Онъ пѣлъ непріятнымъ, сиплымъ и разбитымъ голосомъ, и барабанилъ в дверь толстой остролистниковой палкой. Ему отворили, онъ вошелъ и сейчас же буркнулъ моему отцу:
— Стаканъ рому!
Поданный ромъ онъ вытянулъ изъ стакана медленно, какъ знатокъ, прищелкнулъ языкомъ, потомъ опять вышелъ на крыльцо и, стоя въ дверяхъ, сталъ разглядывать то окрестные утесы, разбросанные по берегу, то нашу вывѣску, то внутренность общей залы.
— Бухта ничего, годится, — сказалъ онъ наконецъ, — и домишко этотъ на мѣстѣ... Много у васъ тутъ народа, пріятель?
— Нѣтъ, сэръ, къ сожалѣнію, нельзя сказать, чтобы очень много, — отвѣчалъ мой отецъ.

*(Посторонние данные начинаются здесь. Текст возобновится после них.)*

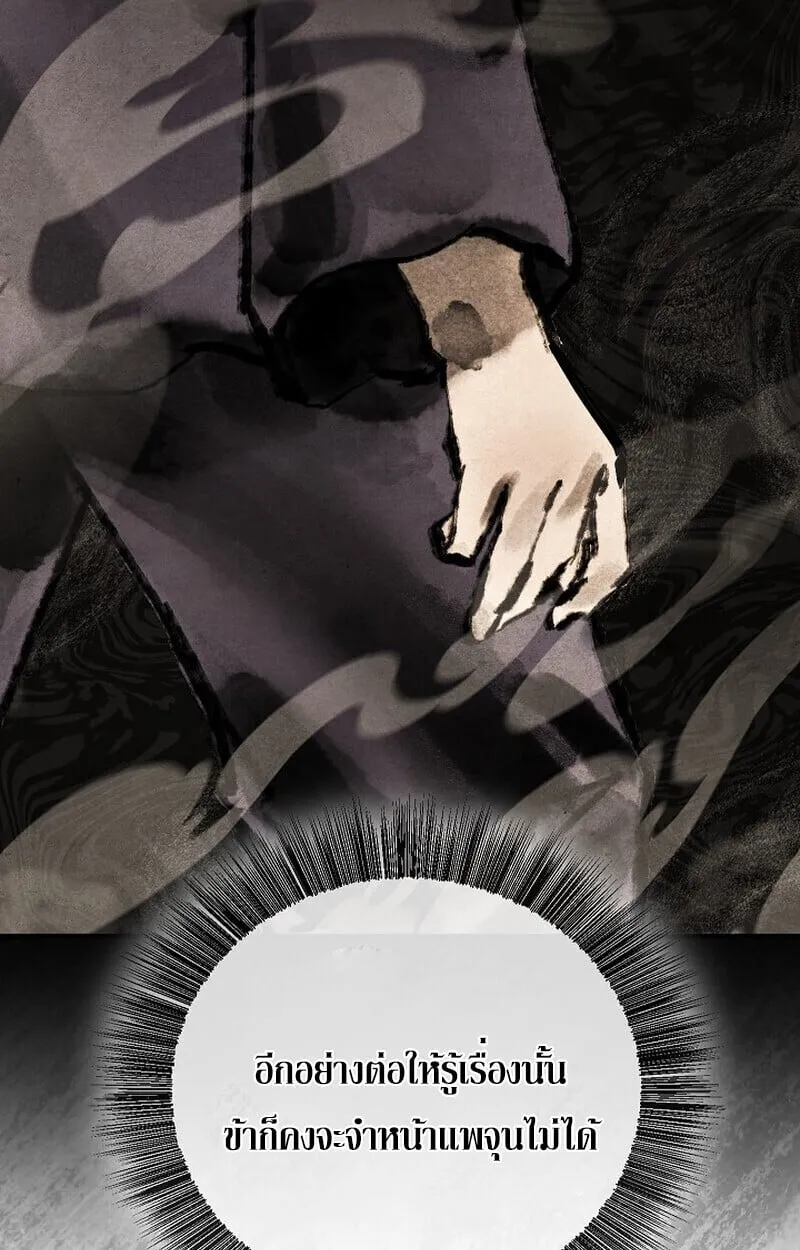 Childhood Friend of the Zenith สหายว_ยเยาว_ของข_าแข_งแกร_งท_ส_ดในใต_หล_า ตอนที่ ตอนที่ 80 รูปที่ 49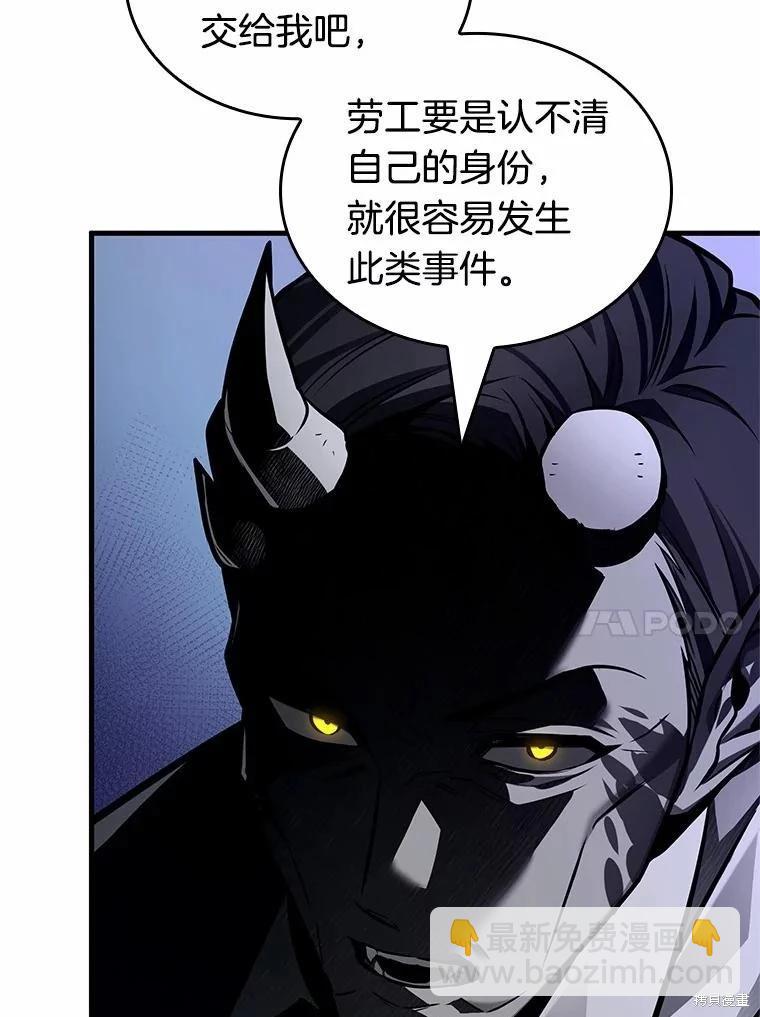 全知讀者視角 - 第232話(2/3) - 6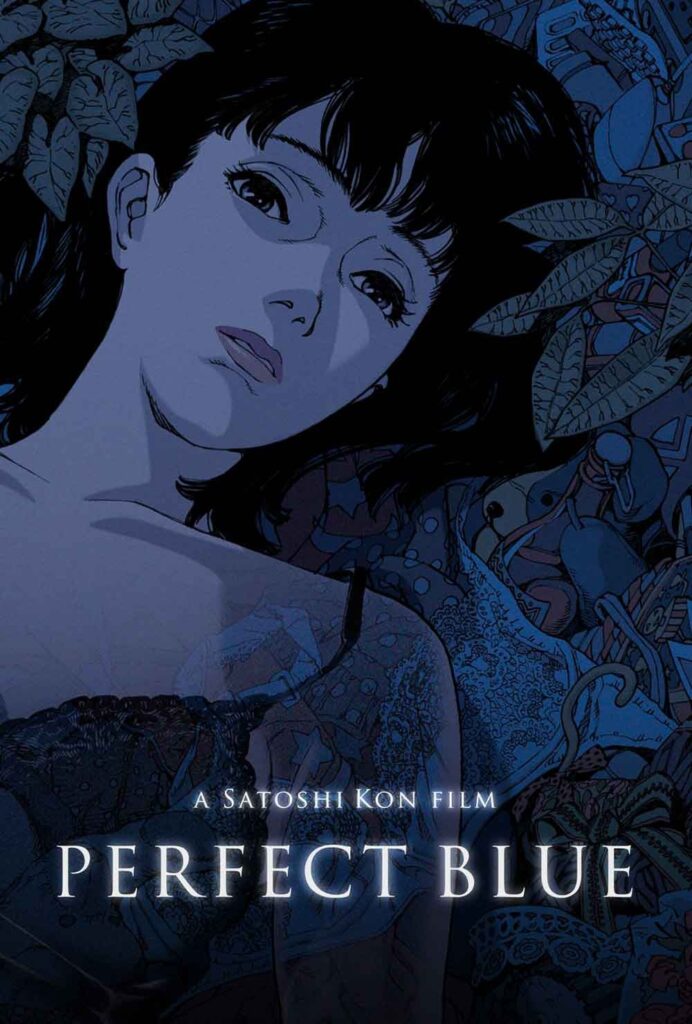 Poster for surreal film called Perfect Blue that shows a girl lying down on junk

— Это именно мнѣ и на руку... Гей, дружище! — обратился онъ къ человѣку, привезшему въ тачкѣ его багажъ, — втащи-ка это сюда. Я здѣсь побуду нѣсколько времени... О, я человѣкъ простой и невзыскательный. Немного рому, яицъ, ветчины — съ меня и довольно. Здѣсь я могу за то слѣдить за кораблями... Какъ меня зовутъ?.. Капитаномъ, съ вашего позволенія... Понимаю, изъ-за чего вы мямлите! Не безпокойтесь, деньги у нас есть. Вотъ вамъ, получите.
Онъ кинулъ на полъ три или четыре золотые монеты.

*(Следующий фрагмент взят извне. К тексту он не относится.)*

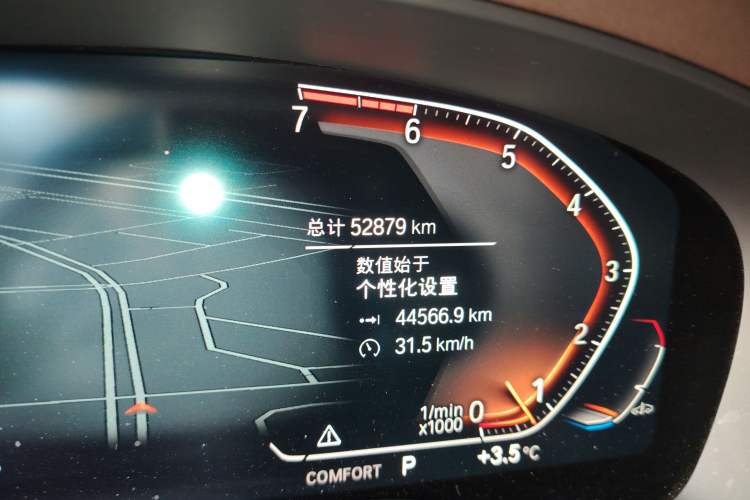 Used BMW 5 Series 2021 530Li Leading Luxury Package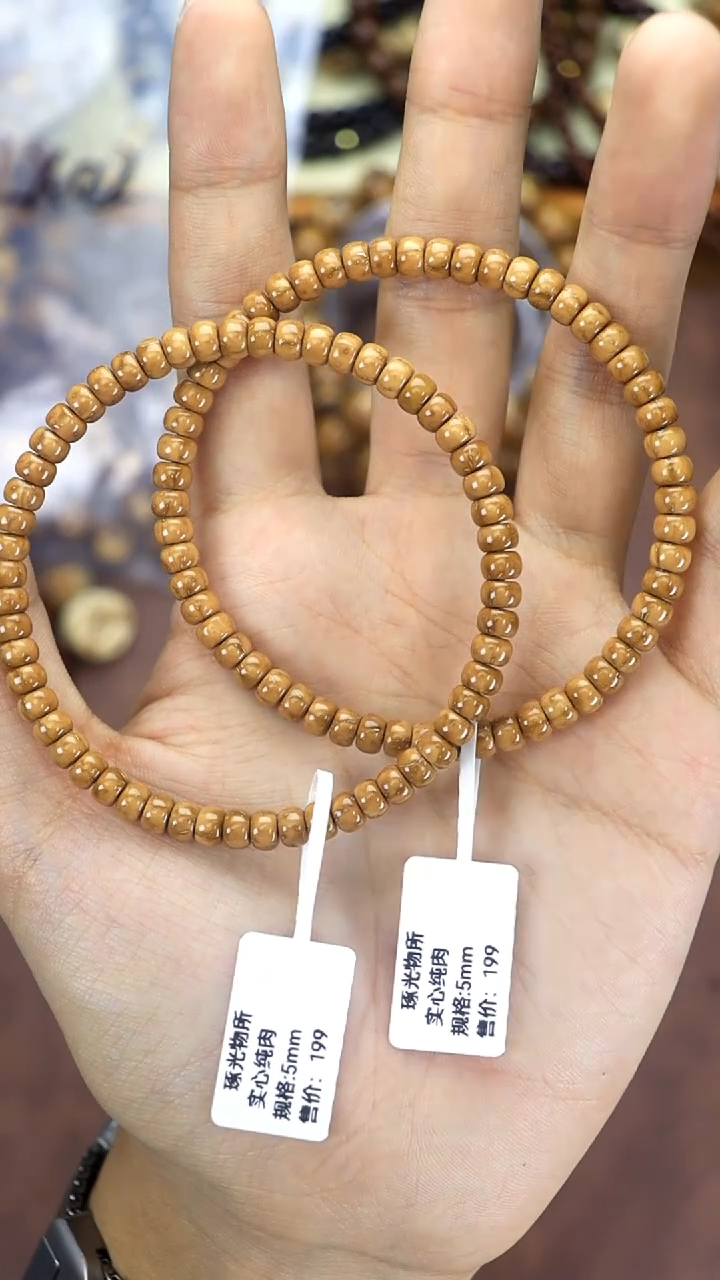 手串紫金鼠5MM纯肉实心紫金鼠纯色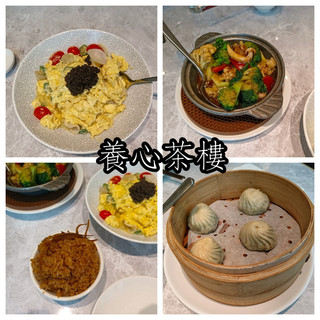 台灣台北信義區蔬食茶飲（捷運市政府站）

— Когда я у васъ настолько наѣмъ и напью, тогда вы можете мнѣ сказать, — объявилъ онъ намъ.
Это было сказано гордо, самымъ начальническимъ тономъ. И дѣйствительно, несмотря на поношенное платье и грубость рѣчи, новоприбывшій смотрѣлъ не простымъ матросомъ, а скорѣе подшкиперомъ или боцманомъ купеческаго флота, привыкшимъ говорить громко и бить больно.
На наши разспросы человѣкъ съ тачкой сообщилъ намъ, что новый постоялецъ пріѣхалъ утромъ въ почтовой телѣгѣ въ сосѣднюю деревню и спросилъ, нѣтъ ли поближе къ берегу хорошей гостиницы. Нашу гостиницу ему похвалили и сказали, что ближе ея къ берегу нѣтъ никакой. Тогда онъ рѣшился остановиться у насъ. Вотъ и всѣ свѣдѣнія, какія намъ удалось о немъ собрать.
Самъ постоялецъ былъ человѣкъ въ высшей степени не разговорчивый. Цѣлые дни онъ только и дѣлалъ, что слонялся по берегу бухты или около утесовъ, таская съ собой старинный мѣдный телескопъ. По вечерамъ онъ садился въ общей залѣ у камина и потягивалъ очень крѣпкій гротъ. Онъ никогда не отвѣчалъ, если его о чем-нибудь спрашивали, а только яростно вскидывалъ головой, сопя при этомъ носомъ точно кашалотъ. Это пріучило насъ оставлять его въ покоѣ и никогда не затрогивать.
Всякій вечеръ, вернувшись съ прогулки, онъ спрашивалъ, не проезжали ли по дорогѣ какіе-нибудь моряки. Мы сначала думали, что онъ интересуется товарищами по профессіи, но скоро убѣдились, что ему, напротивъ, не хочется съ ними встрѣчаться. Всякій разъ, когда въ гостиницѣ останавливался какой-нибудь матросъ, что бывало нерѣдко, такъ какъ этой дорогой ихъ всегда много возвращается въ Бристоль для побывки, то нашъ постоялецъ, увидавъ его черезъ стеклянную дверь общей залы, уходилъ къ себѣ и не показывался все время, покуда матросъ оставался там. Мало того, на все это время онъ какъ-то притихалъ и держалъ себя тише воды, ниже травы.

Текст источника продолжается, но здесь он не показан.